When buying a new home, you are probably more interested in the neighborhood, the physical condition of the property, the layout and, of course, the price than evaluating which mortgage lender to use. However, faced with decades of mortgage payments, selecting the most favorable loan and terms is a crucial element of the home-buying process.
How do you know which lender to pick? Which factors do you use in evaluating a lender, and how important are they? Below are five important factors to consider when selecting the right mortgage lender.
How much does it cost to borrow money from the lender? The lower your interest rate, the less you have to pay over the course of your mortgage.
Is your interest rate fixed, adjustable, or balloon? How much principal are you required to pay each month in addition to interest payments? Even with the same interest rate, monthly payments can vary significantly depending on the terms of your loan. Use an online calculator to run the numbers.
Closing Costs and Other Fees:
It can be tempting to simplify your loan shopping process by simply looking at the down payment and interest rate. However, closing costs and other “hidden” fees can add considerably to your overall mortgage costs.
Transparency and Overall Customer Service:
Again, remember that entering into a mortgage agreement is a long-term, significant financial decision. Particularly if this is your first home-buying experience, you are likely to have a lot of questions. You want your mortgage lender to be one that is available, willing, and able to take the time to answer all your questions in a knowledgeable, up-front manner.

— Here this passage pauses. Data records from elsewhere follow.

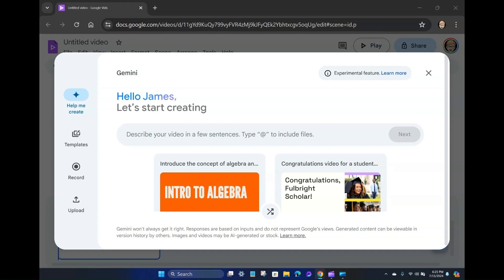So here we're at the interface for Google Vids. Google Vids, maybe that's a cool name, I don't know. I think they could have come up with something better. But it's got a hello, James, let's start creating. And it's got a prompt window right here. So I could actually describe my video in a few sentences, and then if I want to include files, I could use an at mention to grab some files.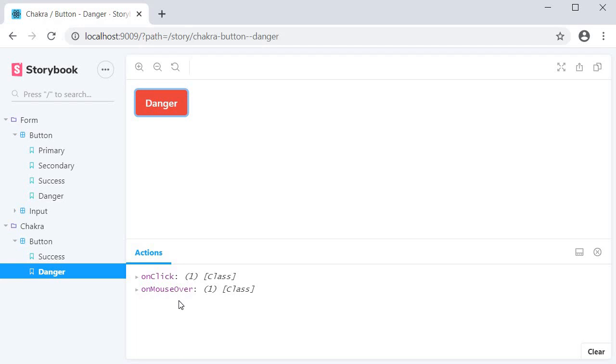So this is pretty much the basic usage of the actions add-on in Storybook. It is a way to ensure that all your events are working as expected without having to actually implement the business logic for any of those actions.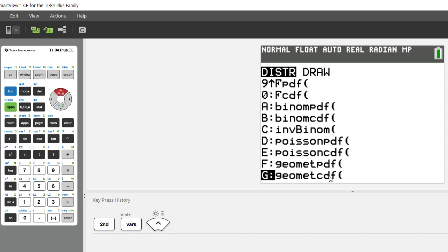The PDF functions are the precise there. I say P for precise so students kind of remember it. It really stands for the probability distribution function and then the CDF stands for the cumulative distribution function. But I tell my students think of it as the precise distribution function. Those are the ones you use when you want to know the probability of exactly something happening, a precise answer.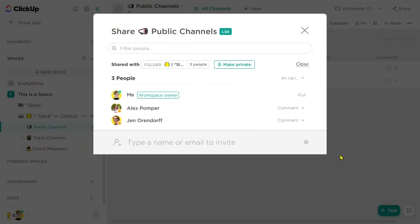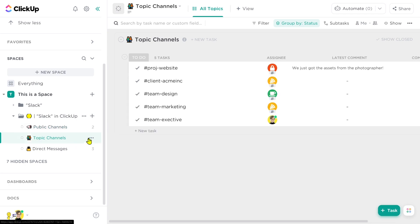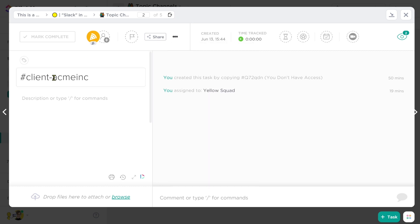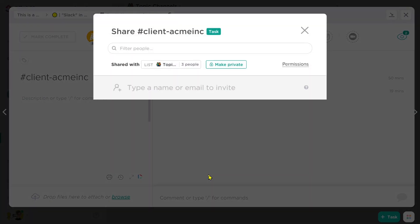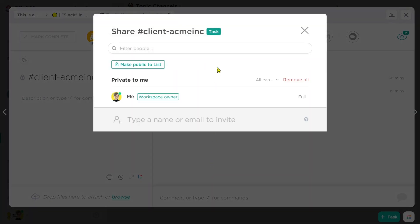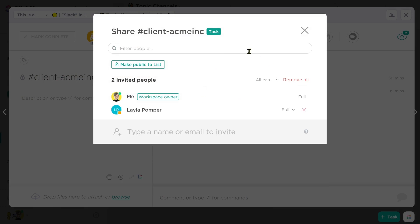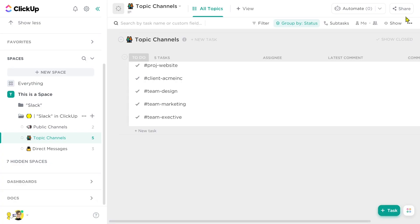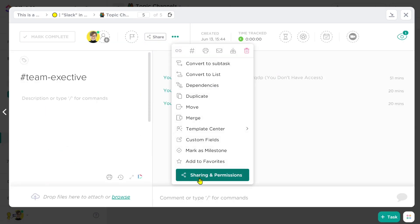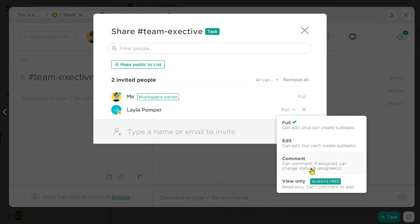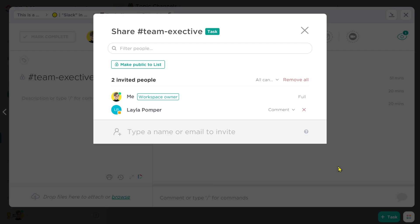We're going to make sure everyone is on comment-only access and move on to topic-based channels. I'll default this one to be accessible to the whole folder as well, and for each individual task, I might cut down the permissions. For a client-related discussion about Acme Inc., I want to go to sharing and permissions and adjust it to be private unless I specifically invite someone. For 'team executive,' that also seems like something I want to cut down — make it private and invite only the executives I want in that discussion.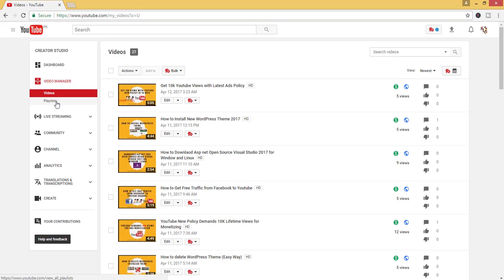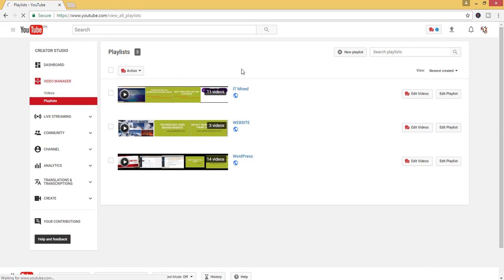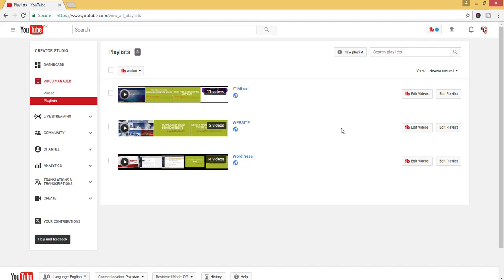Then click on Playlists. Here you can see all three playlists. In this way, you can access playlists easily. Thank you! Please subscribe to my channel for upcoming videos. Thanks!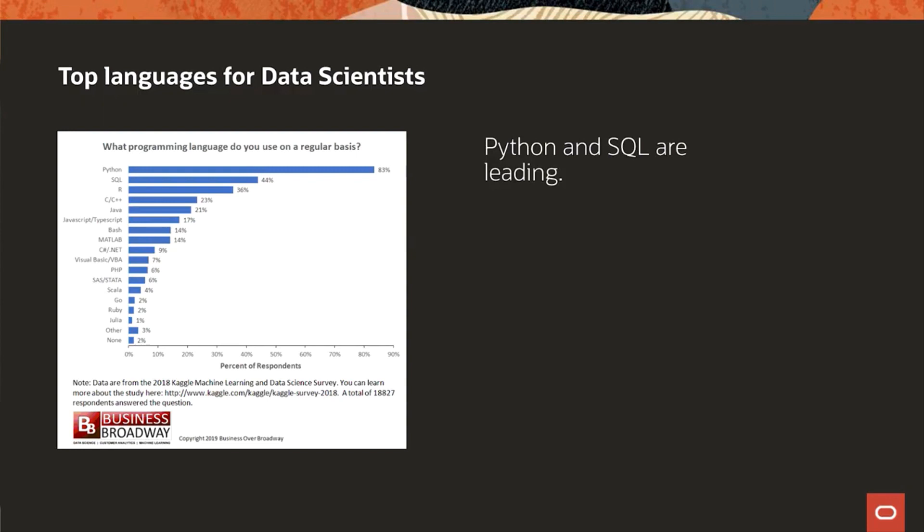You might have heard of scikit-learn, TensorFlow, and Keras. These are very well-known machine learning libraries for Python.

A concern for many homebuyers is that their mortgage lender will sell their mortgage to another lender. Lenders have an incentive to sell mortgages because they primarily receive money in two ways: they make a commission on loans they sell, and selling a mortgage frees up capital to make additional loans. While many borrowers feel anxious when they discover their loan has been sold, the terms of your loan should not change. It is important, however, to carefully compare your original mortgage agreement with the new agreement to ensure the terms have been recorded properly and have not changed.
There are a number of options to choose from when selecting a loan: thrift institutions, commercial banks, mortgage companies and credit unions. A mortgage broker can do some of the shopping for you. However, none of these institutions — including the brokers — are generally obligated to find the best loan for you. Do your own research to make sure the deal you’re getting is best for you.